Provisioning Certification Enclave (PCE), the root of trust for other
enclaves, generates a signing key from a fused key called Provisioning
Certification Key. PCE can then use this key to certify an attestation key
of a Quoting Enclave (QE), e.g. we get the chain of trust down to the
hardware if the Intel signed PCE is used.

To use the needed keys, ATTRIBUTE.PROVISIONKEY is required but should be
only allowed for those who actually need it so that only the trusted
parties can certify QE's.

Obviously the attestation service should know the public key of the used
PCE and that way detect illegit attestation, but whitelisting the legit
users still adds an additional layer of defence.
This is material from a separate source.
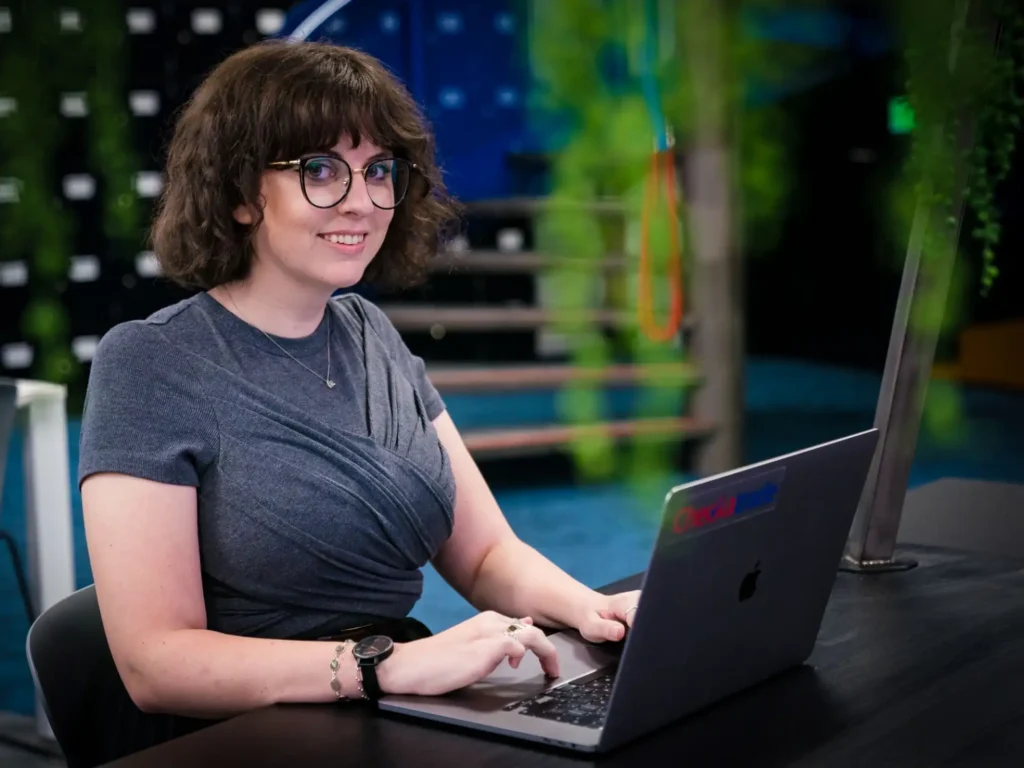 person working on laptop wearing glasses and grey top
Add new device file called /dev/sgx/provision. The sole purpose of this
file is to provide file descriptors that act as privilege tokens to allow
to build enclaves with ATTRIBUTE.PROVISIONKEY set. A new ioctl called
SGX_IOC_ENCLAVE_SET_ATTRIBUTE is used to assign this token to an enclave.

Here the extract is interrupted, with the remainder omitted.